Sapete, non è poi automatico sentirsi il numero uno ed essere disponibili a mettersi in discussione. Non è affatto facile possedere i titoli e i colpi del più forte, e cogliere al volo i consigli che vengono dal campo. Essere abituati a recitare da protagonista e accettare di cambiare trama, tattica, atteggiamento, solo perché l’attore non protagonista è più incisivo e conosce meglio le battute. Non basta fare un clic, o tirare una manopola.
Stanimal è al terzo Slam. Federer, che gli ha affibbiato il nomignolo, potrebbe chiamarlo a questo punto Stanislam. Gli ha fatto un bel favore, l’amico Waw. Ha tenuto Djokovic a distanza, 12 titoli, nell’anno in cui tutti pensavano, tutti dicevano e scrivevano che avrebbe fatto strike. Avrebbe vinto il Grande Slam, si sarebbe portato a un passo dai 17 trofei di Federer. Non è successo. Djokovic si è fermato a Parigi. Poi ha fallito a Wimbledon, si è dissolto ai Giochi, ha subito una nuova lezione in una finale da Wawrinka agli US Open. Due finali Slam, due vittorie dello svizzero, che nei momenti che contano si trasforma. Dal 2005 al 2013 Stanimal ha giocato 13 finali, ne ha vinte quattro. Dal 2014 ne ha aggiunte 11, e le ha vinte tutte.
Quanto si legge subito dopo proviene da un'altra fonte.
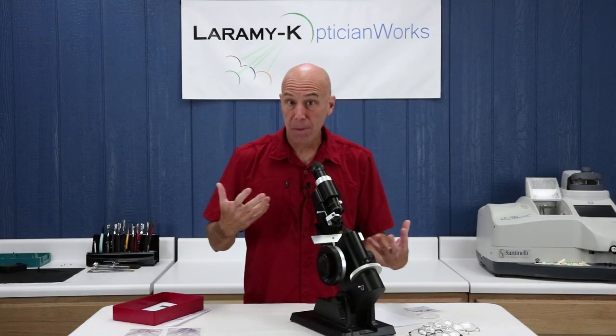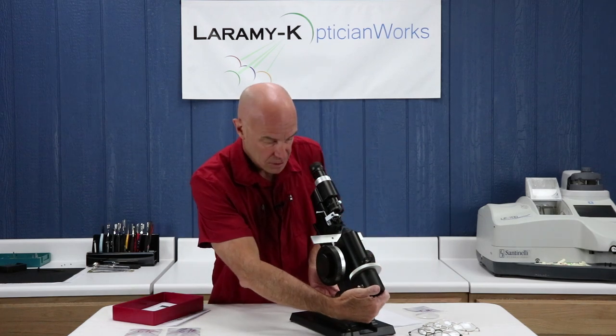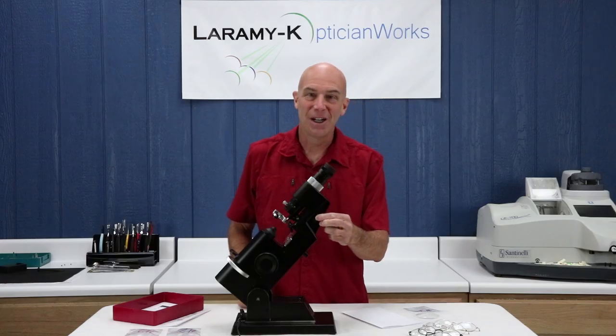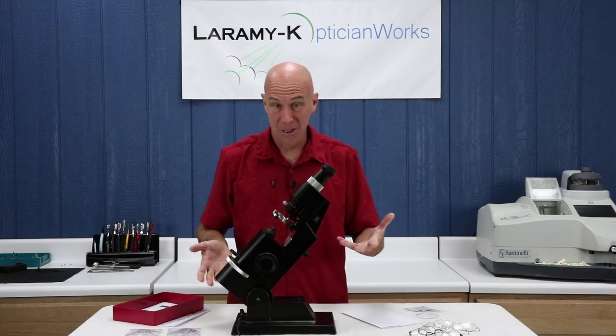Okay, we've decided on which power source we're going to use — we're either going to plug it in or run it off of batteries. Regardless, the next thing we need to do is turn on the lens meter. The on/off switch is located on the side here. Just use it to turn the lens meter on and off.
Ha evidenti problemi, il numero uno. Sì, anche familiari, come ha confessato lui stesso, per spiegare in modo convincente il suo appannamento, ma di fatto spalancando le porte alle voci più incontrollate. Tradimento. Divorzio in vista. Certo è che il volto di Jelena, in tribuna, pallido e poco interessato, non era quello visto in altre occasioni, non c’era esultanza né sconforto. Soprattutto, non c’era partecipazione. Ma più immediati sembrano i problemi tecnici. Le sconfitte sono giunte con giocatori che l’hanno assediato con il metodo Wawrinka, sfilandogli il controllo del gioco. Lo stesso Querrey lo ha annichilito così. Figurarsi un Del Potro.
Togliere il controllo a Djokovic significa impedirgli di apparecchiare la tavola come preferisce, di attendere i varchi giusti, ma di continuo strattonarlo, sfidarlo sugli angoli, sui vincenti. Quarantasei a trenta, ieri, 16 punti puliti, una dote di quattro game da distribuire nel corso della finale. E così spuntano i vecchi guasti nel gioco del Djoker, la tendenza a liberarsi del colpo, vada come vada; l’errore banale, la disattenzione, proprio lui, considerato mente suprema del tennis; e le smorfie, i dolori, quelli veri (ha chiesto i tre minuti sul 3-1 per Wawrinka nel quarto set, e il piede sanguinava) e quelli meno veri. Un corredo del primo Djokovic sul quale, a detta di Becker, molto era stato fatto, e corretto. Ma il DNA, lo sapete, non si cambia in corsa.
«Per battere i più forti, occorre essere coraggiosi». Stanimal chiude con una frase che molto somiglia a un aforisma. Ha avuto i suoi guai, sotto forma di crampi, «ma con Magnus Norman eravamo d’accordo che nulla dovesse trapelare. Duro dentro e concentrato sul mio corpo, fino alla fine». I tre Slam lo affiancano a Murray, possibile che nessuno lo prenda in considerazione per un posto fra i Fab? «Loro hanno fatto di più, credo». Non è così, ma forse la Storia lo premierà, e fra qualche tempo rileggeremo di questo decennio di sfide fra cinque fortissimi cavalieri del tennis. I Big Five.